Extracted records:

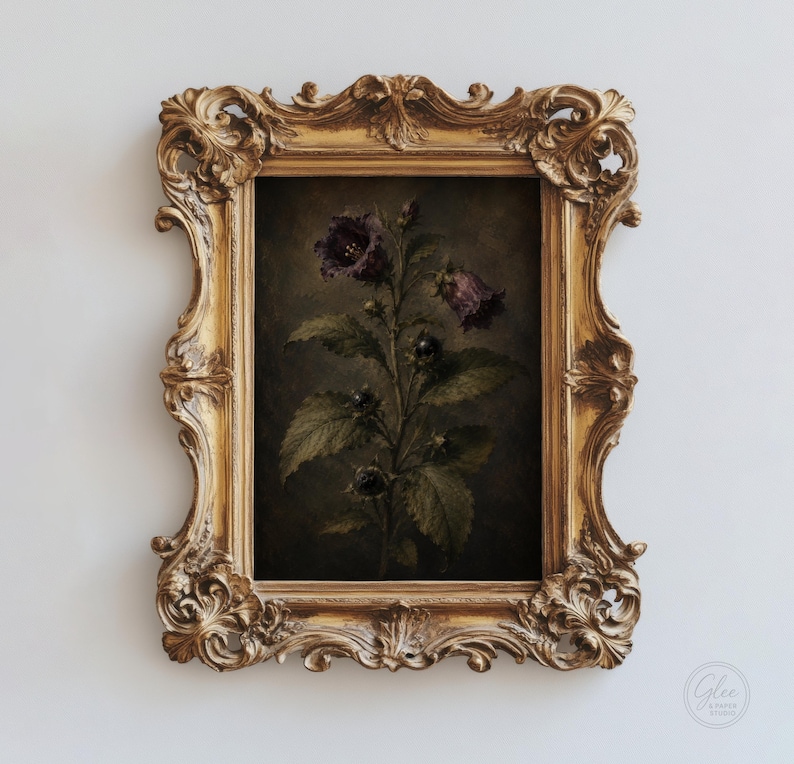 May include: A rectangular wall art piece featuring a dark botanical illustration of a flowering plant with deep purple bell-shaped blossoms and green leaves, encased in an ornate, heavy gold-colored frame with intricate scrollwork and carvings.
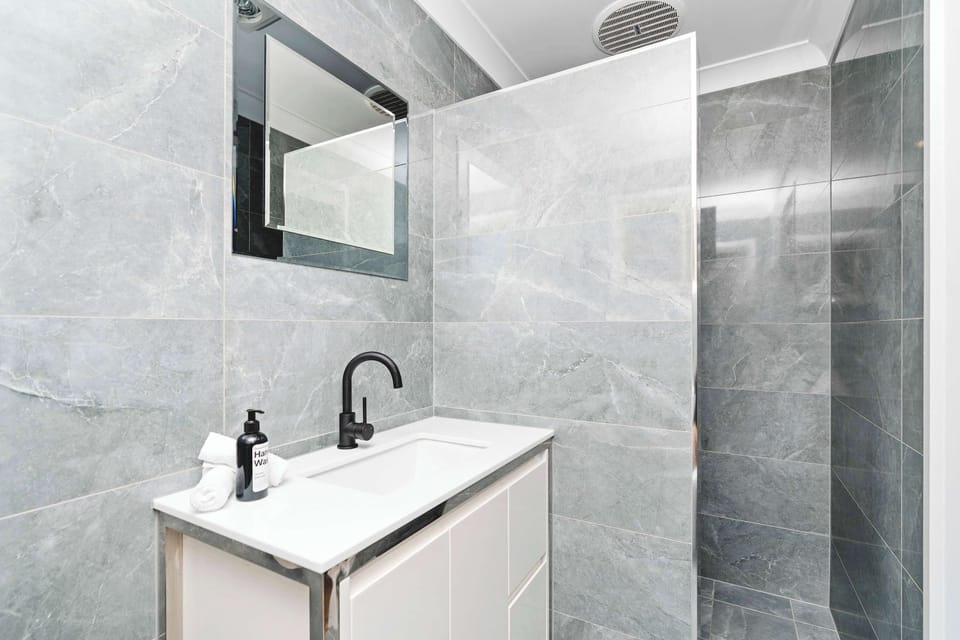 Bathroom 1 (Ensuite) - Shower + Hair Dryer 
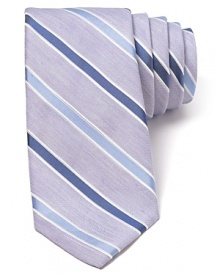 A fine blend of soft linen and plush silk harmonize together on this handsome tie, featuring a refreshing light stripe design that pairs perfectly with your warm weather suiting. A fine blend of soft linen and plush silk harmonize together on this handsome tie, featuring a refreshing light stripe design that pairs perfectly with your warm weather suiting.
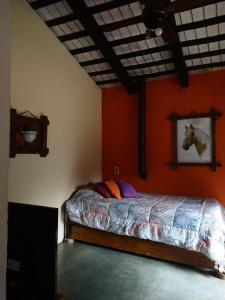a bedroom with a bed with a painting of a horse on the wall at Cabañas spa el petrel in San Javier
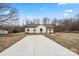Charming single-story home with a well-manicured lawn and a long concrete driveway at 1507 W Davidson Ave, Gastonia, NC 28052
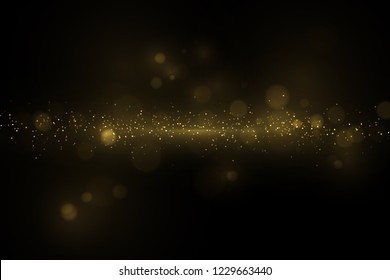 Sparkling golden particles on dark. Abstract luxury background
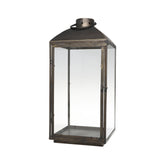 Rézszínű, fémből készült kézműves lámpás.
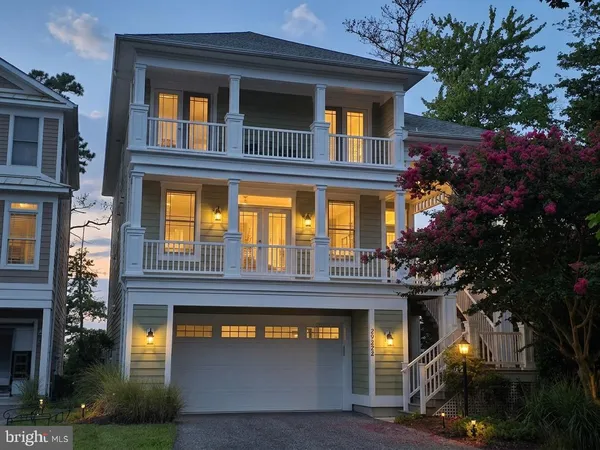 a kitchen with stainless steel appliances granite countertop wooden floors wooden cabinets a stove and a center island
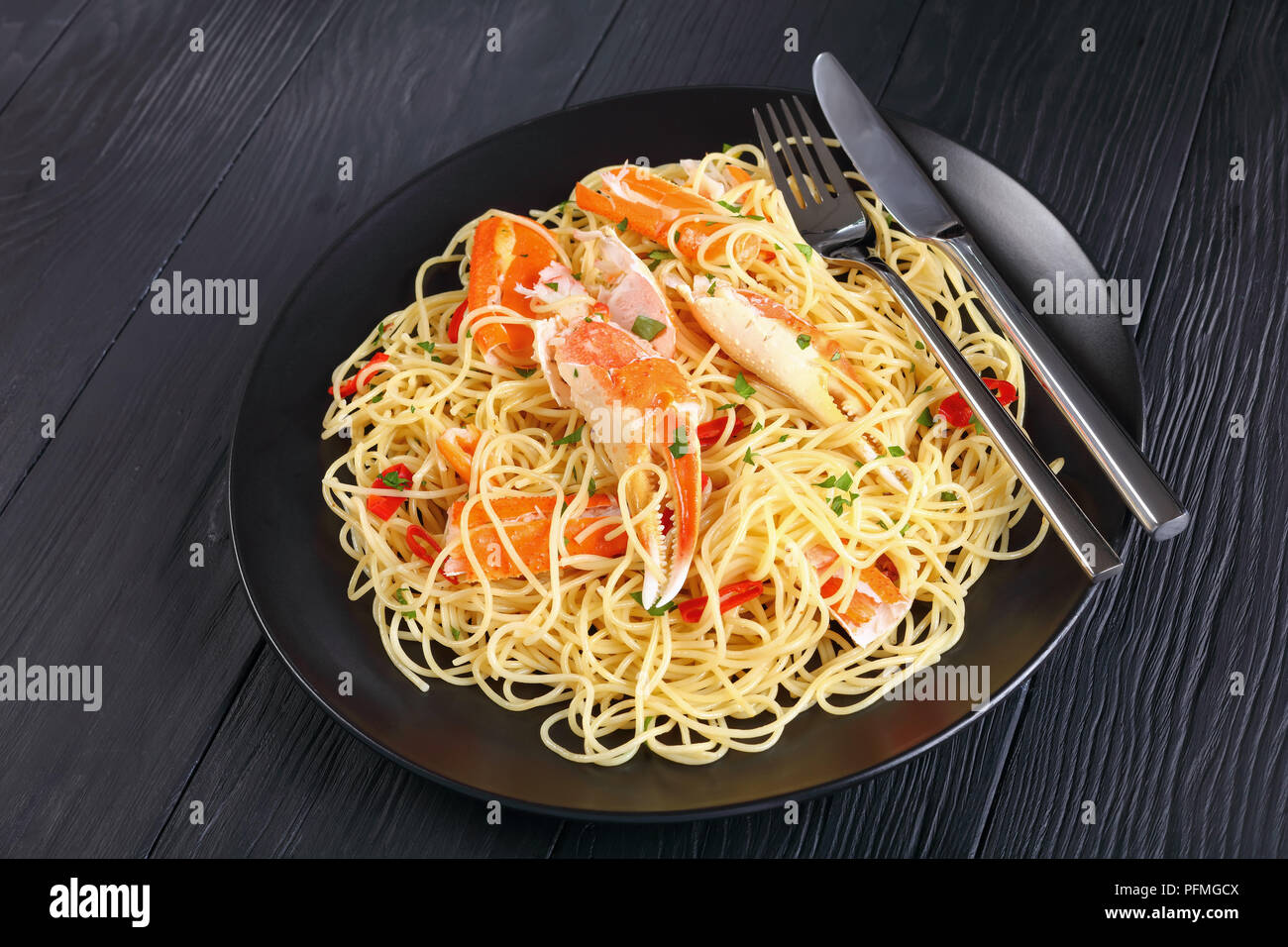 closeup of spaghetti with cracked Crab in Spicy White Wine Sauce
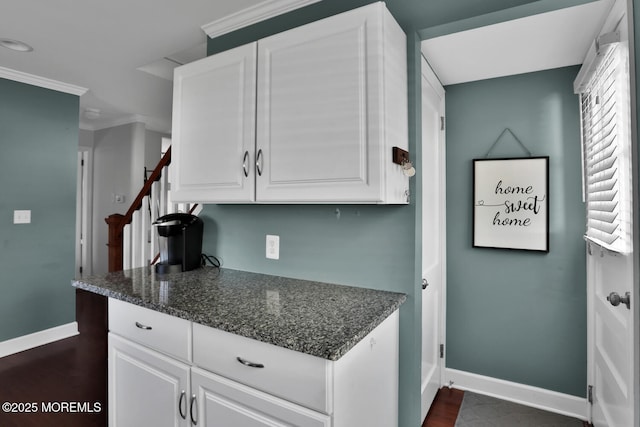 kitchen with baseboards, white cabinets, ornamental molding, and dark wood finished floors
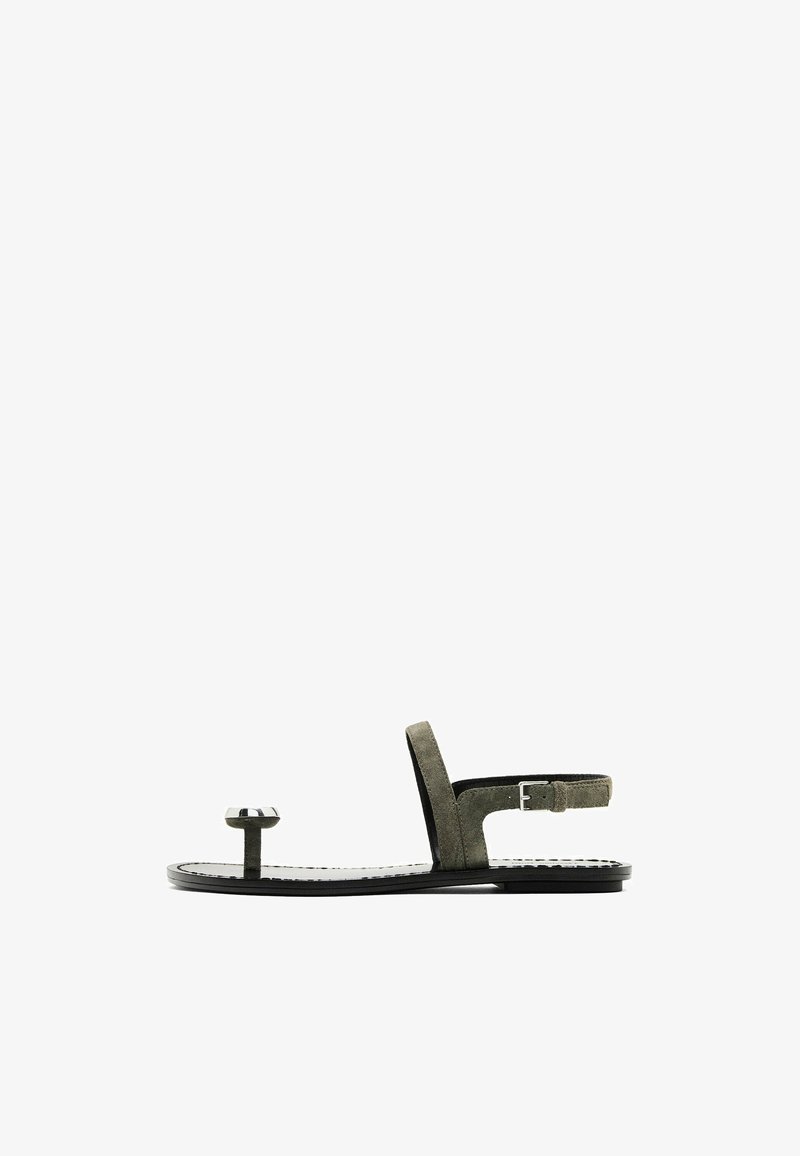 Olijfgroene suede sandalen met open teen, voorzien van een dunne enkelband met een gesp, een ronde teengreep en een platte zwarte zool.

Task goal: Print nothing except the lines above from the one containing "closeup of spaghetti" down to the one containing "kitchen with baseboards, white", both included, exactly as written and free of pictures.

Result of this task:
 closeup of spaghetti with cracked Crab in Spicy White Wine Sauce
 kitchen with baseboards, white cabinets, ornamental molding, and dark wood finished floors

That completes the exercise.